-- Given data --
· · · ·

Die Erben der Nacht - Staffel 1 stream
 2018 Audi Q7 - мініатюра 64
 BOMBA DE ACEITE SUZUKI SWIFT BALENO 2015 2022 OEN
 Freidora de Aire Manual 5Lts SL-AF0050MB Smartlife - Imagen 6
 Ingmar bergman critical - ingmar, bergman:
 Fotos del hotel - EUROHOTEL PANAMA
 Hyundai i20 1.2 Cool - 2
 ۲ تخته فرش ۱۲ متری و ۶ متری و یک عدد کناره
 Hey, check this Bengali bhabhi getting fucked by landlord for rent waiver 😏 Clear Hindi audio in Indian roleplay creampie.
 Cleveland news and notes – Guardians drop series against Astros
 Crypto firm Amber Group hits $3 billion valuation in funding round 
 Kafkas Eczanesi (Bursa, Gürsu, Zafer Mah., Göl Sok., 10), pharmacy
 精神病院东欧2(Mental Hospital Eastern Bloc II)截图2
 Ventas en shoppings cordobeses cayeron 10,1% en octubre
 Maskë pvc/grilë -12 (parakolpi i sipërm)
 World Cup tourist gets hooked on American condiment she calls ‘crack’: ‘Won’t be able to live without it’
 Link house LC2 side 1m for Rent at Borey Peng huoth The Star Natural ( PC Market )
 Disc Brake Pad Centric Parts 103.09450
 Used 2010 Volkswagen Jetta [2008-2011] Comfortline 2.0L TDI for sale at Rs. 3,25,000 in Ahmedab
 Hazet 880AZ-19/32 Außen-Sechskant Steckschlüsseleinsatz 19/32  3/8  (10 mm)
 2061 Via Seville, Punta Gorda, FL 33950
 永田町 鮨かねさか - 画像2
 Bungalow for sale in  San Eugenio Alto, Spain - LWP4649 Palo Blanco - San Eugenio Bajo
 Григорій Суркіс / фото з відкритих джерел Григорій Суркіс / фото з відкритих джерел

· · · ·

-- Task statement --
How many lines in the records above contain the word "sale"? Reply with the number alone.

-- Result for this exercise --
2